FILE PHOTO: Udrea, president of the People's Movement Party (PMP), addresses her supporters during a rally to launch her candidacy for Romania's upcoming presidential elections at Victoria square in Bucharest

BUCHAREST (Reuters) - A Romanian court sentenced a former government minister as well as the daughter of former president Traian Basescu to jail on Tuesday for money laundering and instigating others to take bribes in a 2009 presidential campaign financing case.

The court in Bucharest gave Ioana Basescu, a public notary, a five-year prison sentence. Elena Udrea, a former centre-right minister, lawmaker and close political ally of former president Basescu was handed an eight-year prison term.

The verdicts are not final and are subject to appeal. Basescu and Udrea denied any wrongdoing.

In the past five years the European Union state has seen its largest street protests in decades over entrenched corruption, while attempts by a previous leftist government to decriminalise some graft offences raised concerns in Brussels and Washington.

Investigations by anti-corruption prosecutors have exposed conflict of interest, abuse of power, fraud and awarding of state contracts in exchange for bribes across political parties.

Transparency International lists Romania as one of the EU's most corrupt member states and Brussels has kept its justice system under special monitoring ever since it joined the bloc in 2007.

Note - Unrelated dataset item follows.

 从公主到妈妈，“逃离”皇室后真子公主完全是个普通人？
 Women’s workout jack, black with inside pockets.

Anti-corruption prosecutors said Udrea, then regional development minister and informal presidential campaign coordinator made a former deputy minister and a county council head demand bribes worth roughly 1.6 million lei from two businessmen in exchange for public works deals.

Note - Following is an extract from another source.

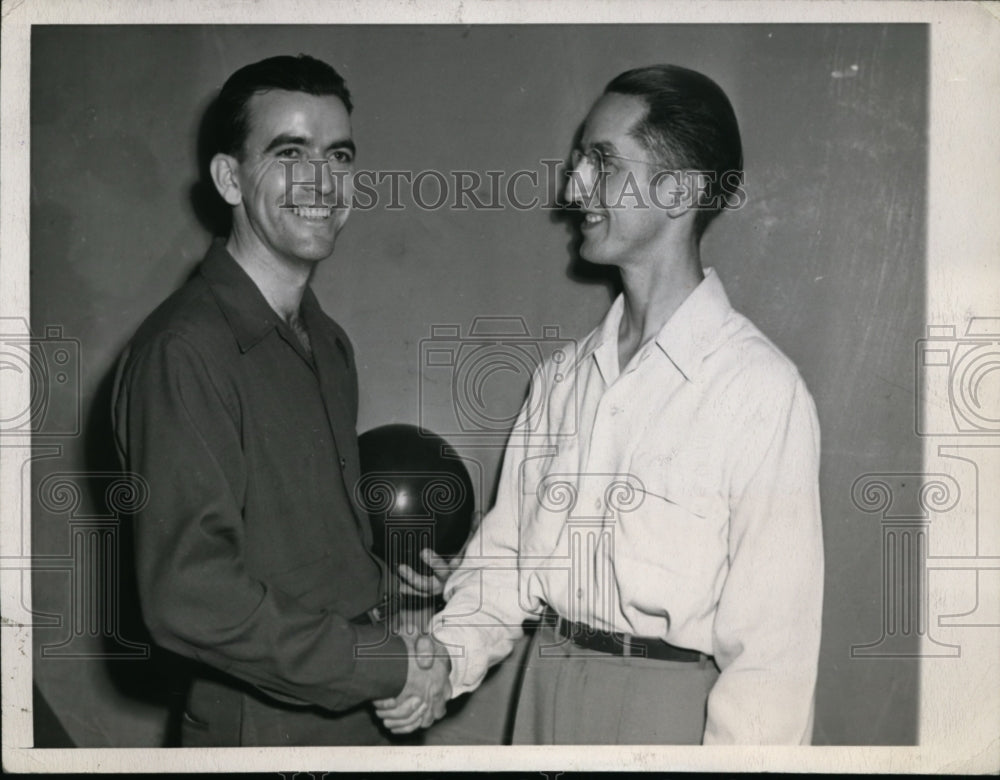 1944 Press Photo Buddy Bomar &amp; Paul Krumske at Chicago bowling championship- Historic Images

Similarly, Ioana Basescu instigated others to offer bribes and launder money, prosecutors said. The funds were used to fund various campaign services. Three other people were sentenced to jail terms in the case on Tuesday.

Basescu, now a European MP, became president in 2004 on a reformist, anti-graft drive and won a second five-year term in 2009. Several other people close to him have been sentenced to prison for corruption in other cases and he has become critical of anti-corruption prosecutors.